Work to complete: Among the entries below, only the lines from the one with "VERKAUFT!!! Voll möbliertes" through the one with "7Nutrition Keto Electrolytes 360g - Orange" are to be retyped, exactly and without pictures.

Dataset entries:

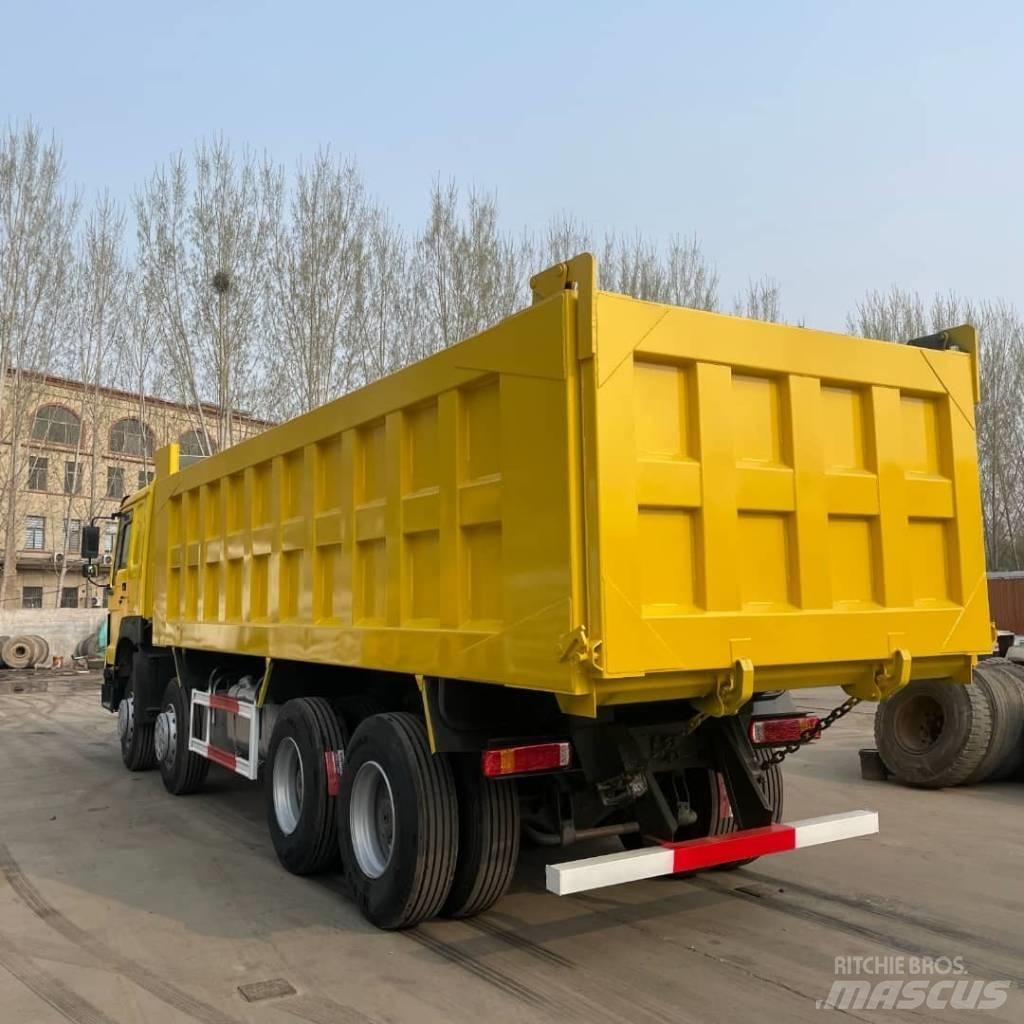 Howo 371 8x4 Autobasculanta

---

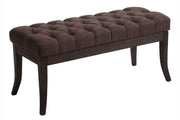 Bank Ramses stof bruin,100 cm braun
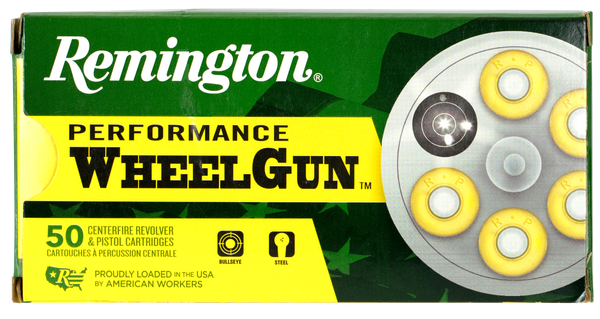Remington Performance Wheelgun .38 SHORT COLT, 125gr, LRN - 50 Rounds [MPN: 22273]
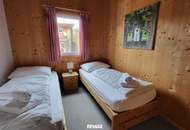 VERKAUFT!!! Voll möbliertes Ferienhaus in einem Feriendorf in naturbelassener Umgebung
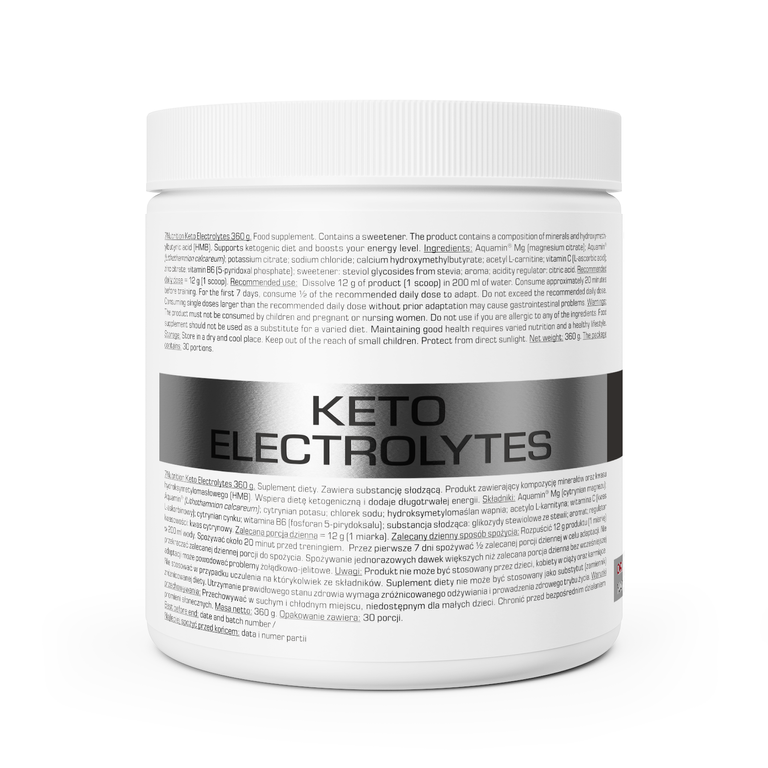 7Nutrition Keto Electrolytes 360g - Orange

==

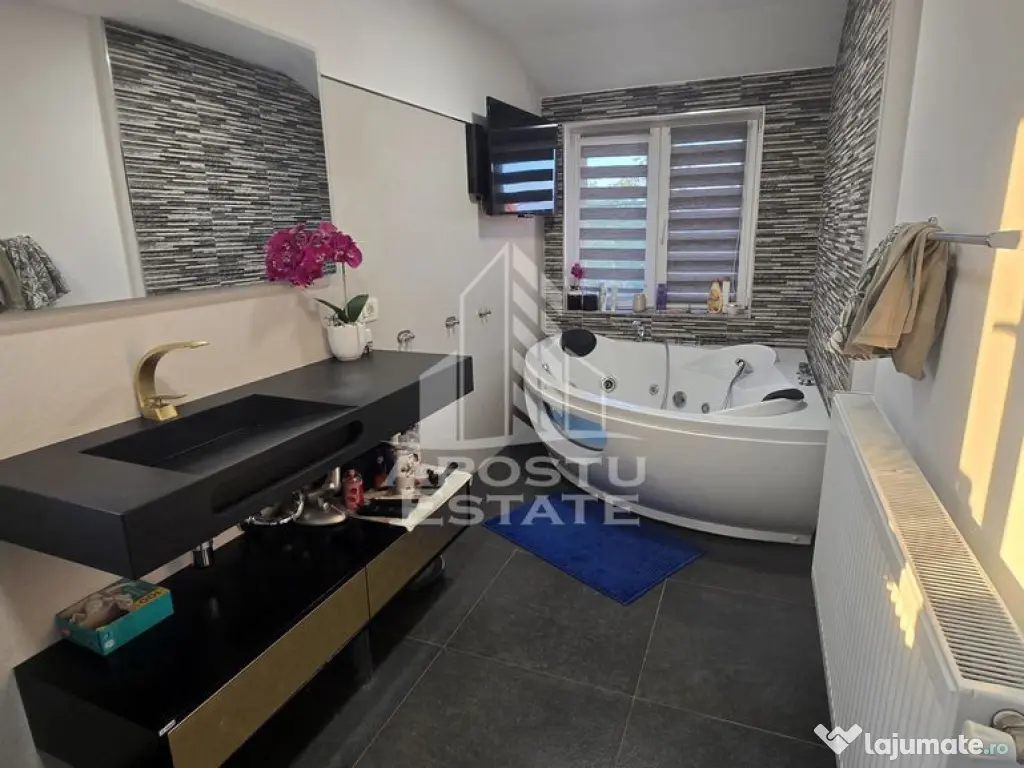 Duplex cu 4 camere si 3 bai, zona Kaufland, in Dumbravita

Exercise result:
 VERKAUFT!!! Voll möbliertes Ferienhaus in einem Feriendorf in naturbelassener Umgebung
 7Nutrition Keto Electrolytes 360g - Orange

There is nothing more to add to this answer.